◆ **Work to complete**:
Take the entries below and reproduce exactly the portion that begins at the line containing "Cup of Tea vector" and ends at the line containing "GIGABYTE B860M AORUS", keeping both ends, dropping pictures, and adding nothing else.

◆ **Dataset entries**:
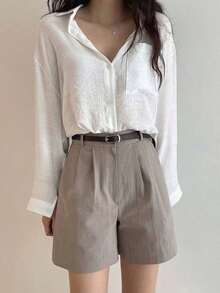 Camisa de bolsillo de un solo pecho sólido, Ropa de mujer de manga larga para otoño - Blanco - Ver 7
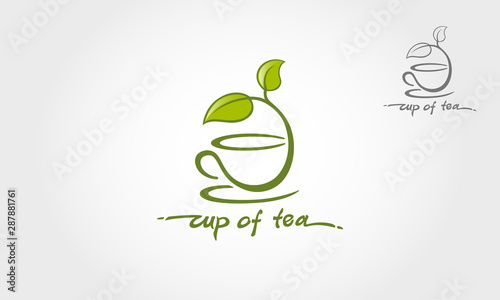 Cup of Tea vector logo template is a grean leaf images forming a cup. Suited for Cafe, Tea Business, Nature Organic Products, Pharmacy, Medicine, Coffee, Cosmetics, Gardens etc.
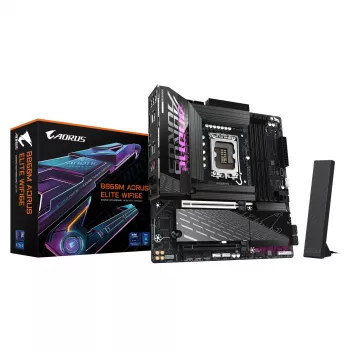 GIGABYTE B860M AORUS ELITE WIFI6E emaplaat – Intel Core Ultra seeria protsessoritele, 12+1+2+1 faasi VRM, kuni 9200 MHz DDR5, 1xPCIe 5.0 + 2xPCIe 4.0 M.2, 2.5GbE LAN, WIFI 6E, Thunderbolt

* * *

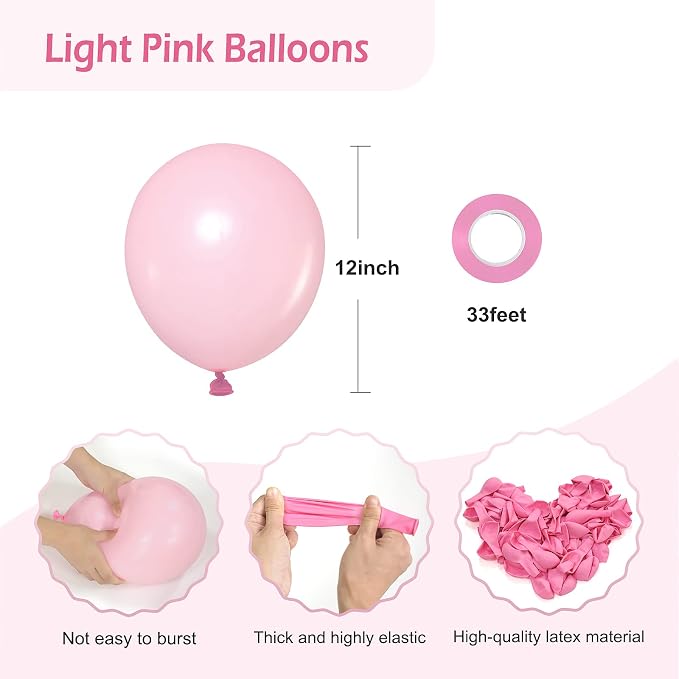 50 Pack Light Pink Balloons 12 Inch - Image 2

--

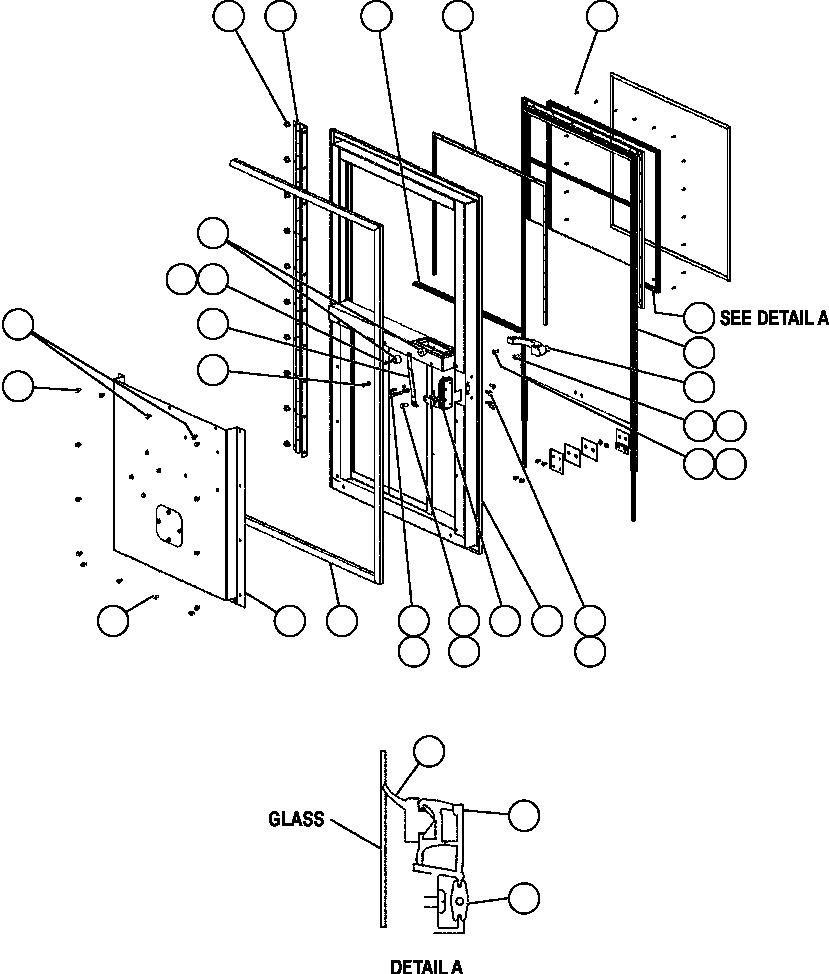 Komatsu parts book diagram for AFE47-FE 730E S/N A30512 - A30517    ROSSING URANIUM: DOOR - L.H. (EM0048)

◆ **Worked solution**:
 Cup of Tea vector logo template is a grean leaf images forming a cup. Suited for Cafe, Tea Business, Nature Organic Products, Pharmacy, Medicine, Coffee, Cosmetics, Gardens etc.
 GIGABYTE B860M AORUS ELITE WIFI6E emaplaat – Intel Core Ultra seeria protsessoritele, 12+1+2+1 faasi VRM, kuni 9200 MHz DDR5, 1xPCIe 5.0 + 2xPCIe 4.0 M.2, 2.5GbE LAN, WIFI 6E, Thunderbolt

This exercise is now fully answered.